Now let $$g_n(w)=\frac{1}{2\pi i}\int_{\partial \Omega} \frac{f(z)}{z - w} dz$$ for each n, $$w\in\Omega$$. Then each $$g_n$$ is holomorphic in $$\Omega$$, and $$\left| f_n(w)-g_n(w) \right| = \left| \frac{1}{\pi}\int_{\Omega} \frac{1}{z-w}\frac{\partial f_n}{\partial \bar{z}} dA(z)\right| \leq \frac{1}{\pi}\int_{\Omega} \left|\frac{1}{z-w}\frac{\partial f_n}{\partial \bar{z}} \right| dA(z) \leq M \max_{\bar{\Omega}}\left|\frac{\partial f_n}{\partial \bar{z}} \right|$$ for some constant $$M$$.

As $$\partial f_n/\partial \bar{z} \rightarrow 0$$ unifomly, $$\max_{\bar{\Omega}}\left|\frac{\partial f_n}{\partial \bar{z}} \right| \rightarrow 0$$ as $$n\rightarrow \infty$$. Since $$(f_n)$$ converges uniformly to a finite function, this implies that $$(g_n)$$ is uniformly bounded on $$\Omega$$. By Montel's theorem we can conclude that there exists a subsequence $$(g_{n_k})$$ which converge uniformly on compact subsets of $$\Omega$$ to holomorphic function $$g$$.

If we take a limit $$k \rightarrow \infty$$ of $$\left| f_{n_k}(w)-g_{n_k}(w) \right| \leq M \max_{\bar{\Omega}}\left|\frac{\partial f_{n_k}}{\partial \bar{z}} \right|,$$ we get $$\left|f(w)-g(w)\right|=0$$ and hence $$f\equiv g$$ on $$\Omega$$. Since $$g$$ is holomorphic on $$\Omega$$ and $$\Omega$$ was arbitrary, we conclude that $$f$$ is holomorphic on $$D$$. $$\qquad \square$$

Is my proof correct?

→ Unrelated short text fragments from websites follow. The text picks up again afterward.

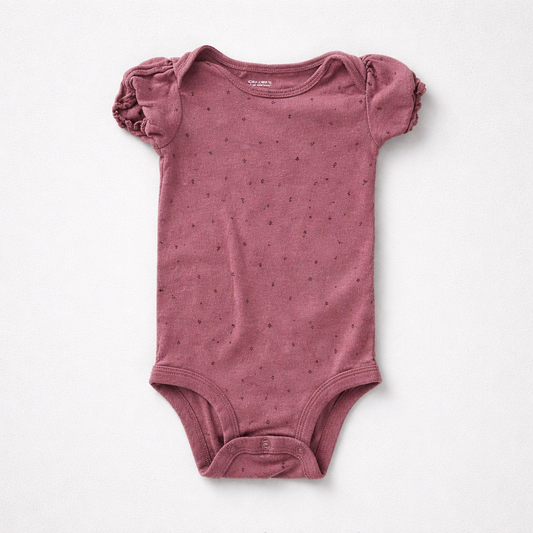 Onesie 18 m $5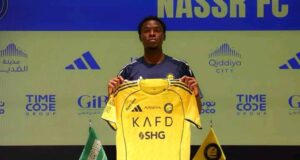 Moses Simon’s Academy Exports Rising Star to Al-Nassr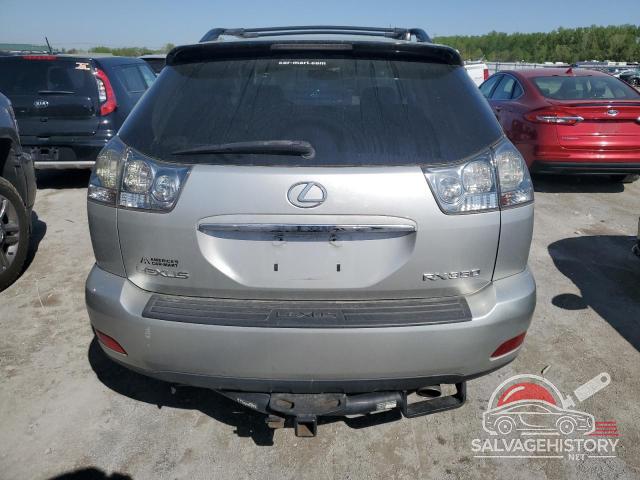 2T2GK31U78C039063 2008 LEXUS RX350 photo no. 6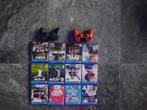 playstation 4, 2 controllers, 12 spellen, Spelcomputers en Games, Games | Sony PlayStation 4, Gebruikt, Online, Ophalen of Verzenden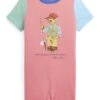 Polo Ralph Lauren Kids Polo Bear Color-Blocked Cotton Shortall (Infant)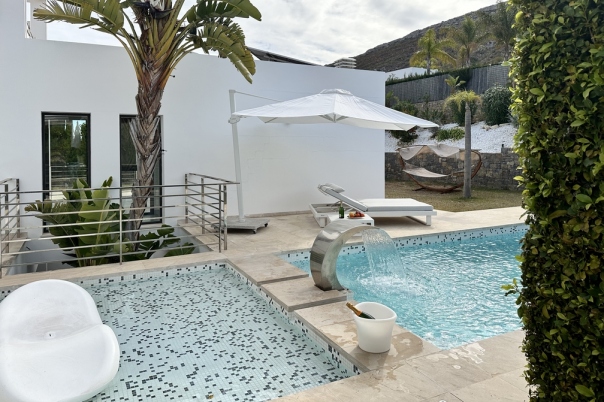 5 bed villa in Javea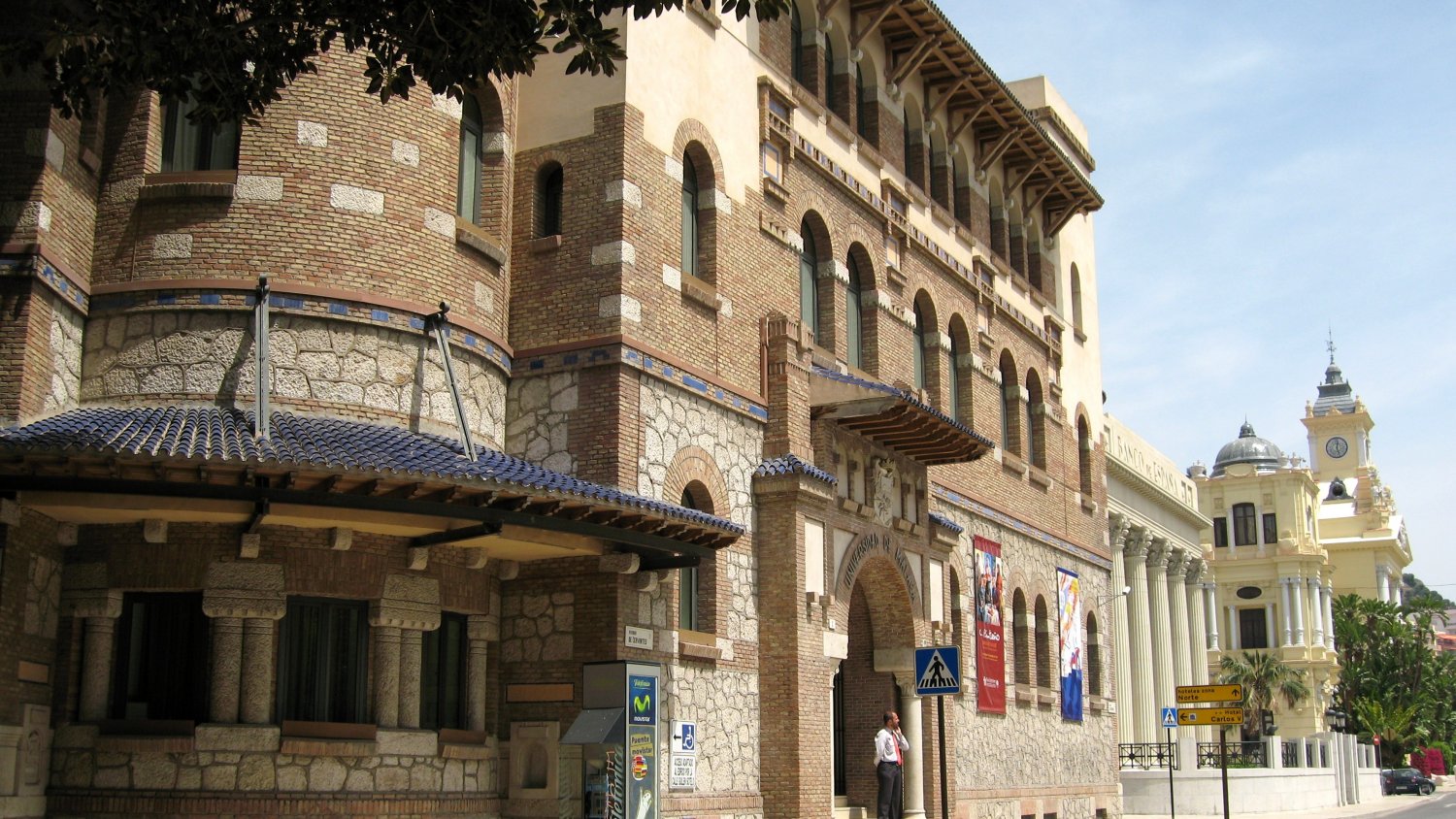 CIFAL Málaga y la Universidad Méndez Pelayo celebran el día Mundial del Turismo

Or is there any more concise proof of this fact?

If $$f_n$$ are holomorphic, and converges uniformly on compact subsets of an open set $$D$$ to a function $$f$$, then $$f$$ is continuous since $$|f(x)-f(y)| \leq |f(x)-f_n(x)|+|f_n(x)-f_n(y)|+|f_n(y)-f(y)| \leq \epsilon$$. Now Since $$f$$ is continuous, By morera's theorem, its enough to prove that $$\int_{\gamma} f(z) dz = 0$$. This is true since $$\int_{\gamma} f_n(z) dz = 0$$ and $$\int_{\gamma} (f(z)-f_n(z)) dz \rightarrow 0$$ as $$\gamma$$ is contained in a compact set.

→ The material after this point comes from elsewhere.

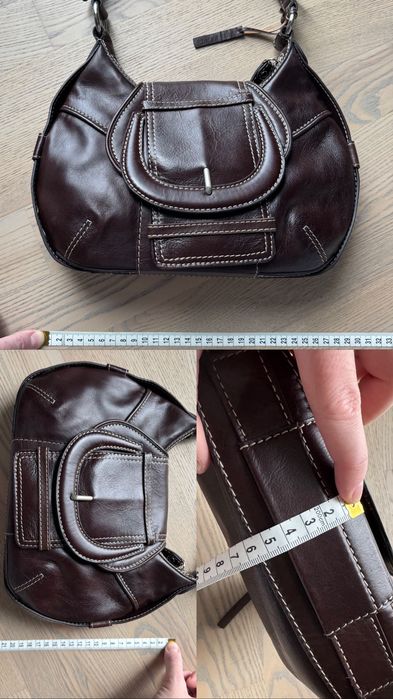 Сумка шкіряна жіноча Next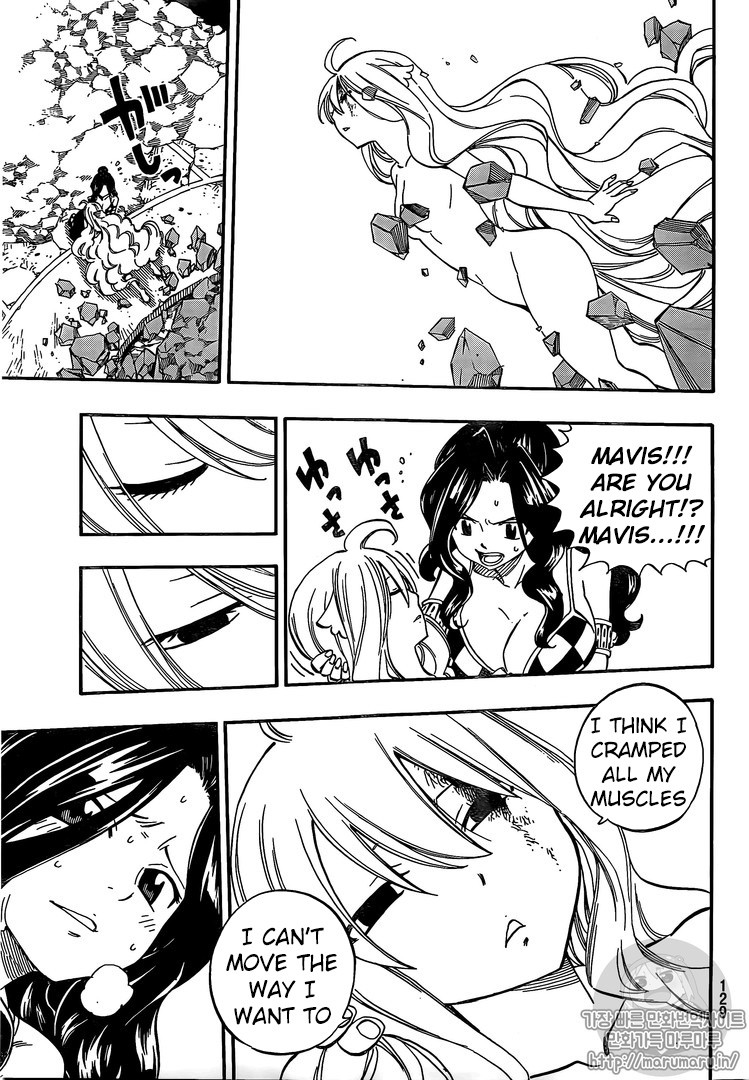 Fairy Tail Chapter 489 10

Now see if above helps. Can u tell me what you mean by $$C^1(D)$$ ? Since $$f_n$$ is continuously differentiable in $$D$$, isnt it holomorphic in $$D$$ ?

EDIT : Based on @Steven Gubkin comments and your answer: It is clear that $$|f(w)-g_n(w)| \leq |f(w)-f_n(w)|+|f_n(w)-g_n(w)| \leq \epsilon$$. Hence $$g_n \rightarrow f$$. Now $$|g_n(w)-\int_{\partial \Omega} \frac{f(z)}{z-w} dz| \leq \int_{\partial \Omega} \frac{|f_n(z)-f(z)|}{|z-w|} dz \leq \epsilon$$. Hence $$g_n(w) \rightarrow \int_{\partial \Omega} \frac{f(z)}{z-w} dz$$. Hence we have $$f(w) = \int_{\partial \Omega} \frac{f(z)}{z-w} dz$$. Now use: Converse of Cauchy Integral Formula to conclude the proof.

You will need $$Length(\partial \Omega)$$ bounded. We can assume $$\Omega = B_r(w)$$.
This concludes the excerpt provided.